STUDY MATERIAL =>
- - -

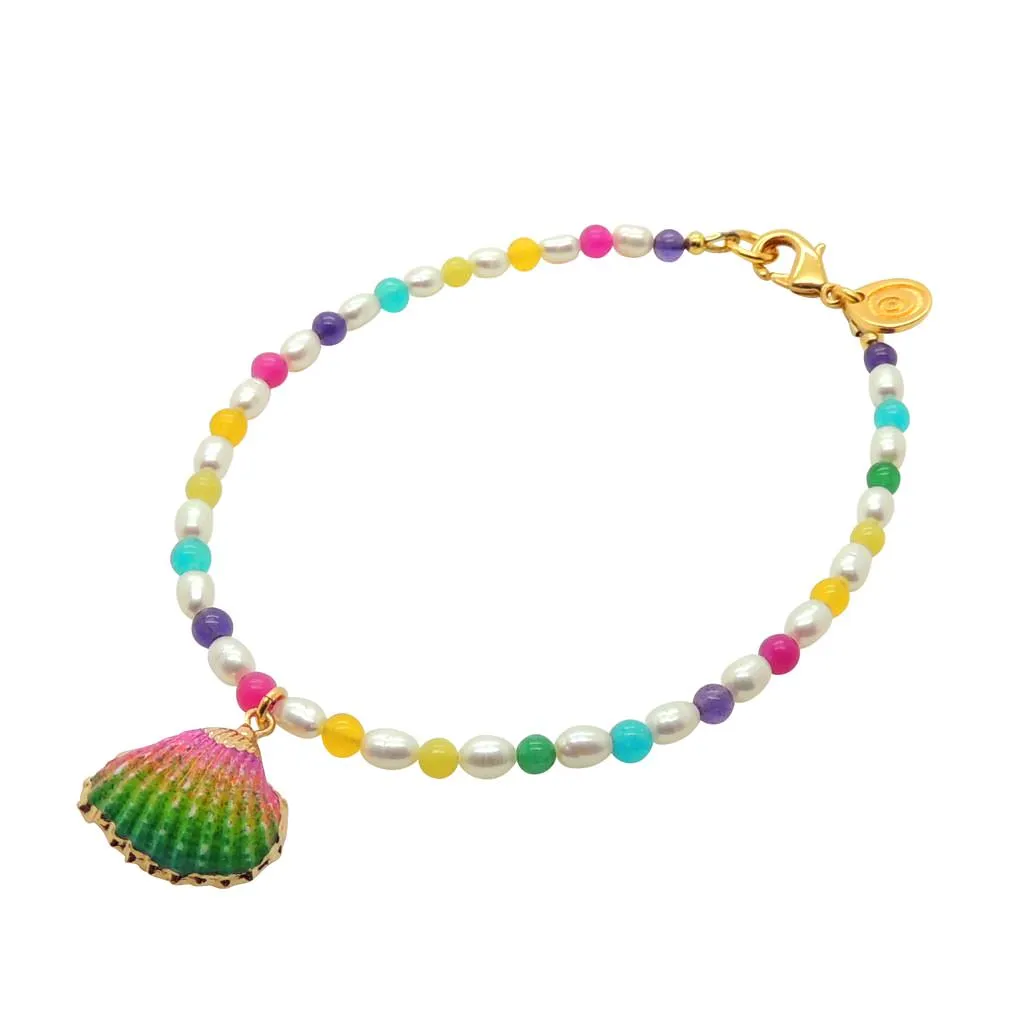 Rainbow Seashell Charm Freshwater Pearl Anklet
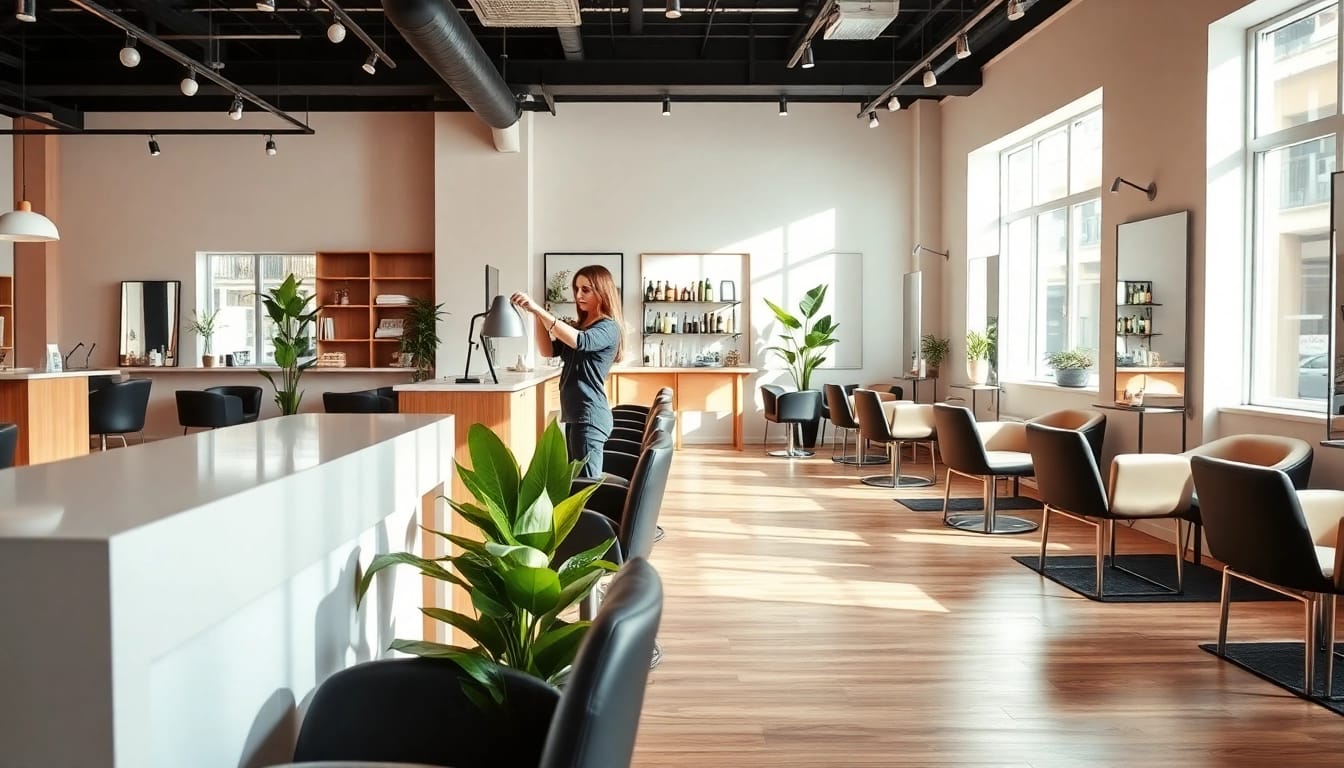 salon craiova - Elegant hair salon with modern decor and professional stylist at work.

- - -

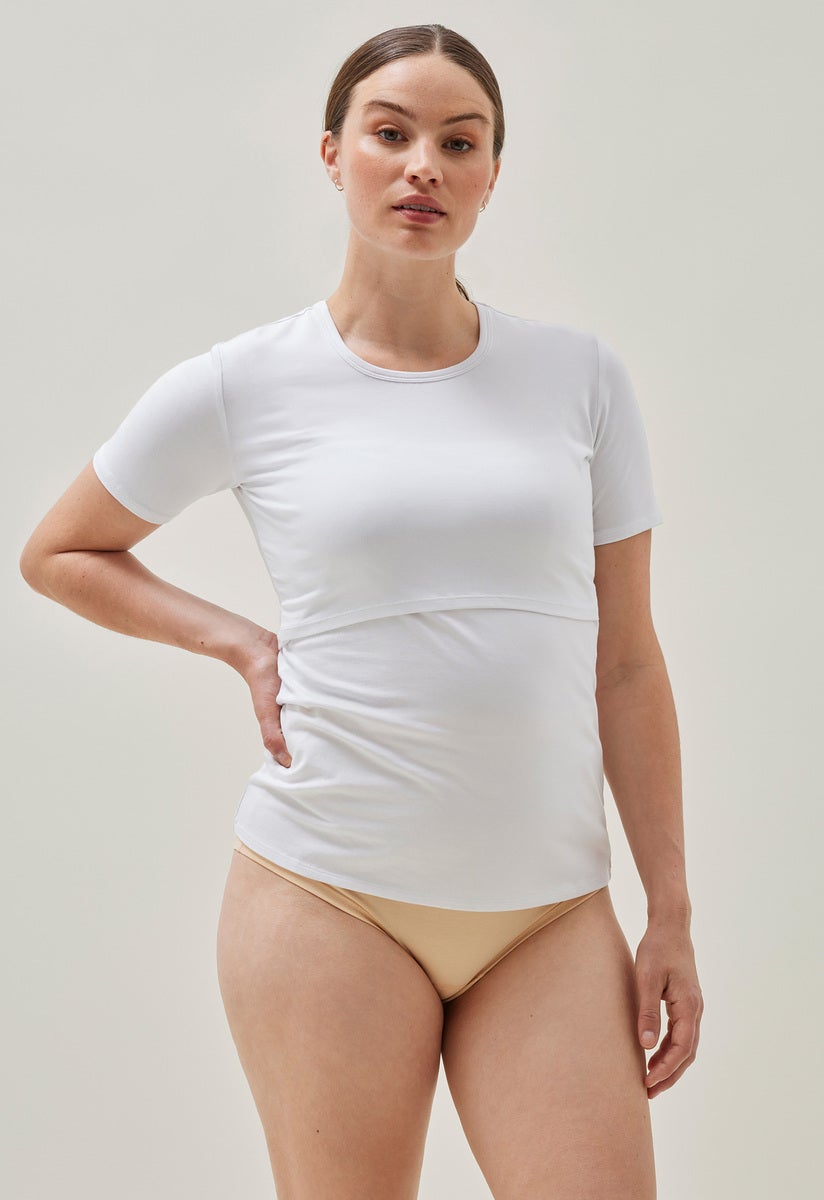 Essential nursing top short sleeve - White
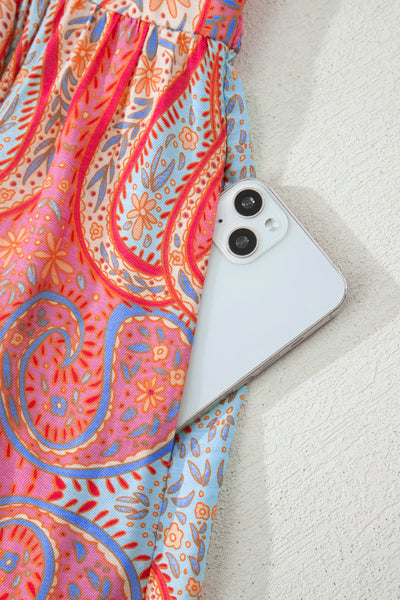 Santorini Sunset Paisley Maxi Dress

- - -

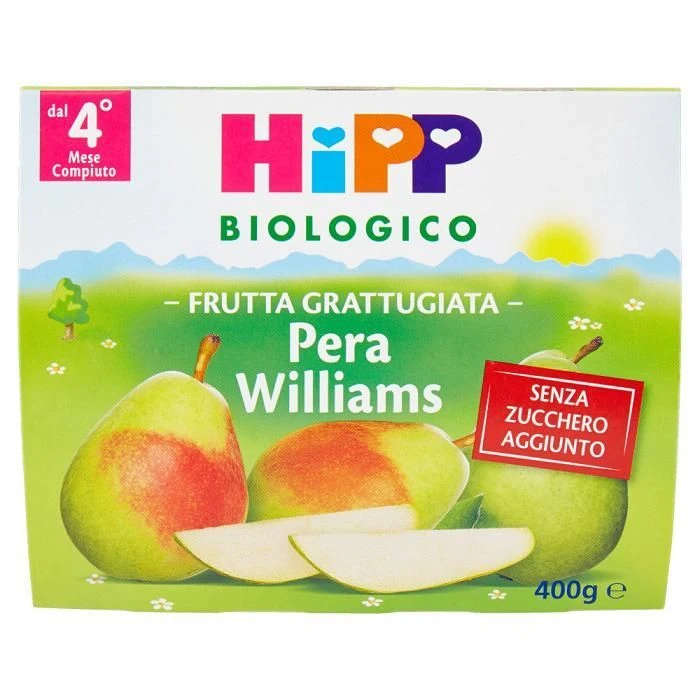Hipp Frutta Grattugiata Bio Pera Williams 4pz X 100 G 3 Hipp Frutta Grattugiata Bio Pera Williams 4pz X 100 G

- - -

WORK INSTRUCTIONS =>
Above is the material; set down exactly its lines from the one containing "Essential nursing top short sleeve - White" down to the one containing "Santorini Sunset Paisley Maxi Dress", both included, leaving out any pictures.

RESPONSE BELOW =>
 Essential nursing top short sleeve - White
 Santorini Sunset Paisley Maxi Dress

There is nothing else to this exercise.